Exercise instructions
Please copy the data exactly as it stands, minus the images.

Stored data
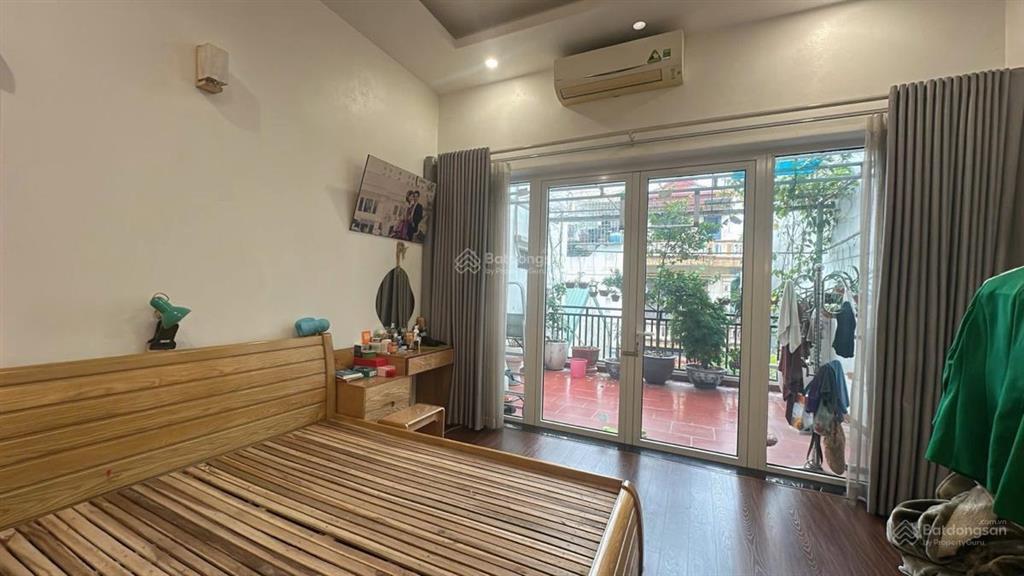 Bán nhà 4 tầng kẻ tạnh 128m2. 4.5m mặt tiền. 2 ô tô vào nhà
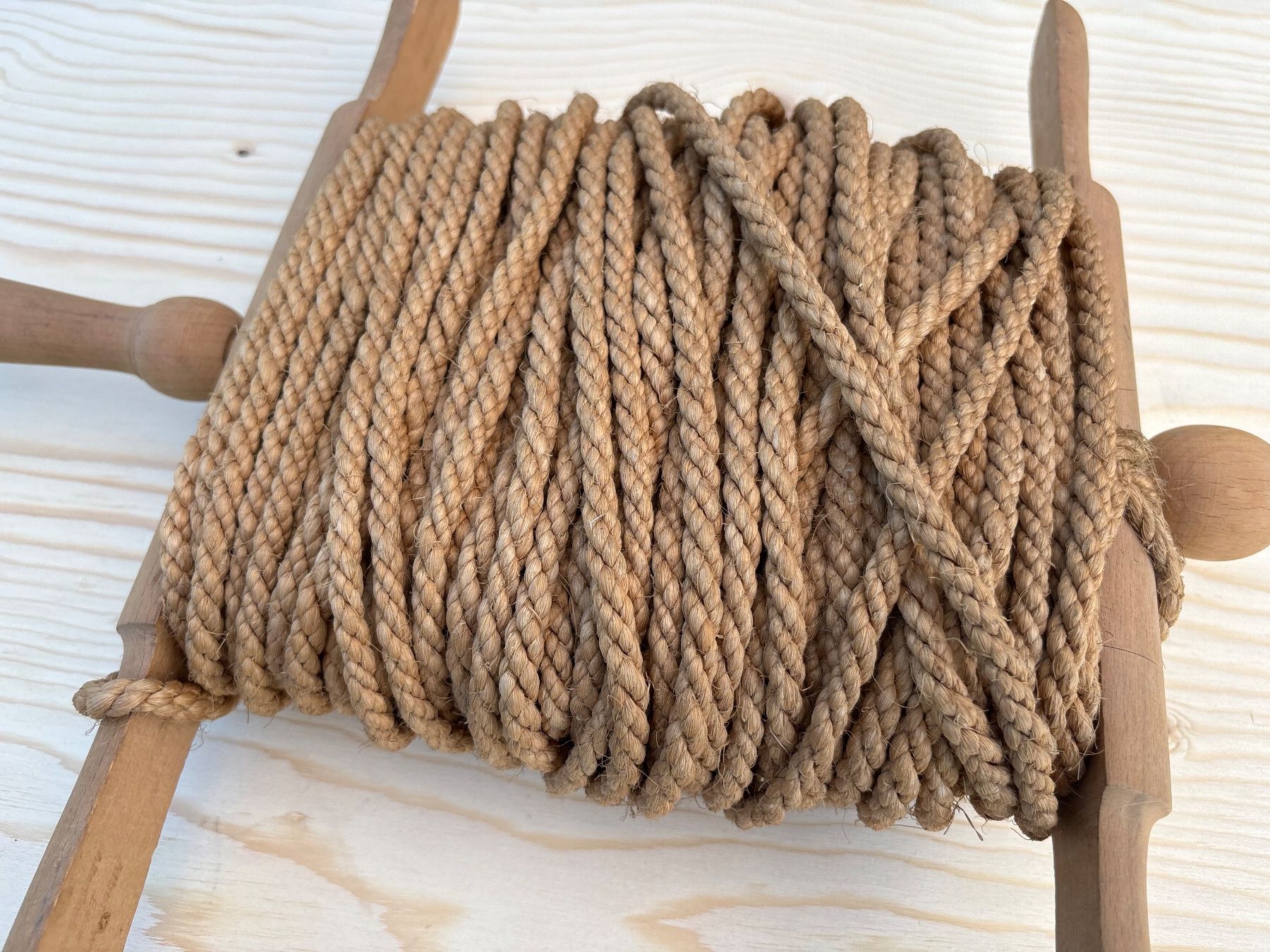 Stenditoi: alte Wäscheleine mit Holzhaspel – Usato da Feldbach venduto da Olive1 8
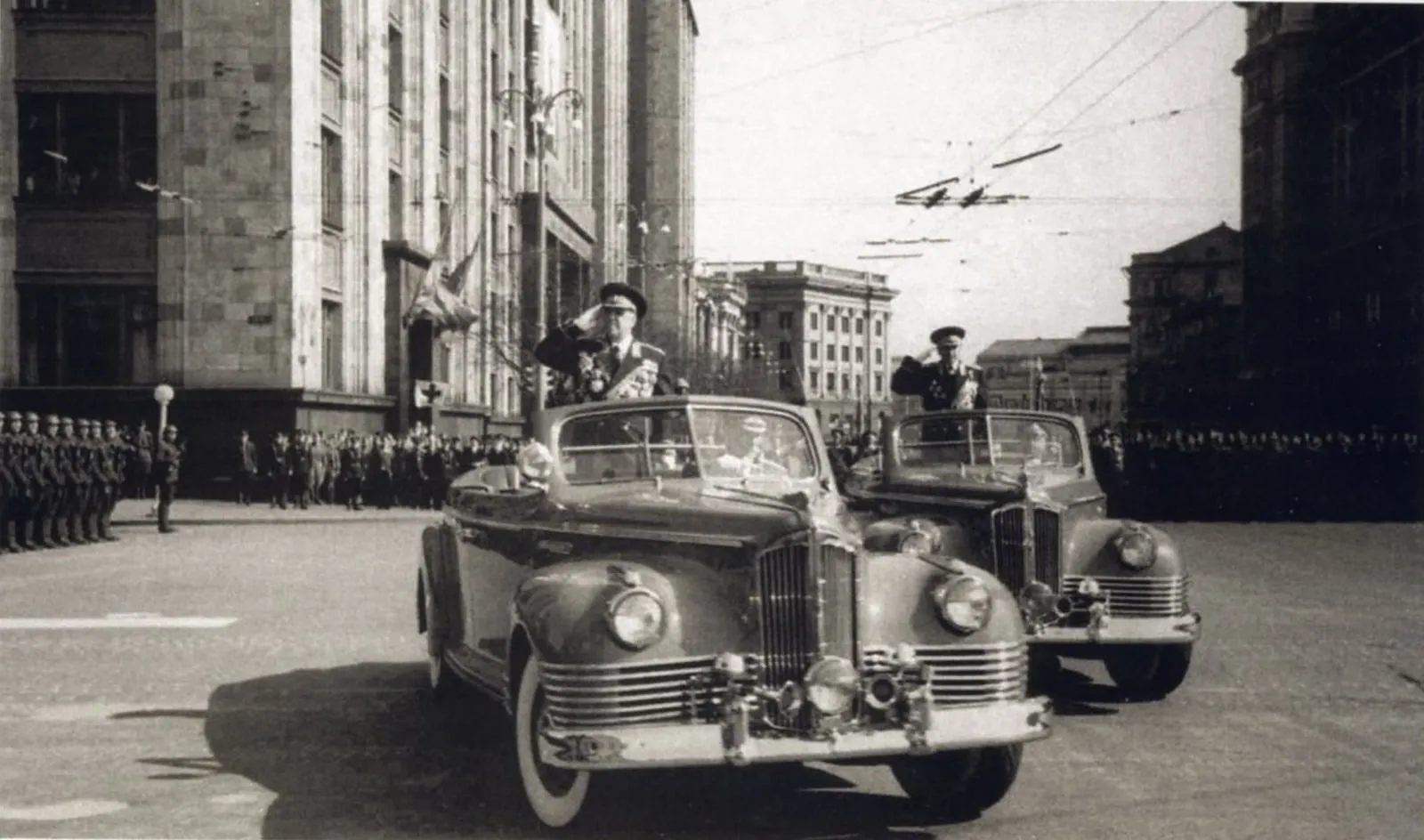 Маршал Г. К. Жуков в фаэтоне ЗИС-110Б на первомайском параде в Москве; за ним идёт вторая такая же машина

Response area
 Bán nhà 4 tầng kẻ tạnh 128m2. 4.5m mặt tiền. 2 ô tô vào nhà
 Stenditoi: alte Wäscheleine mit Holzhaspel – Usato da Feldbach venduto da Olive1 8
 Маршал Г. К. Жуков в фаэтоне ЗИС-110Б на первомайском параде в Москве; за ним идёт вторая такая же машина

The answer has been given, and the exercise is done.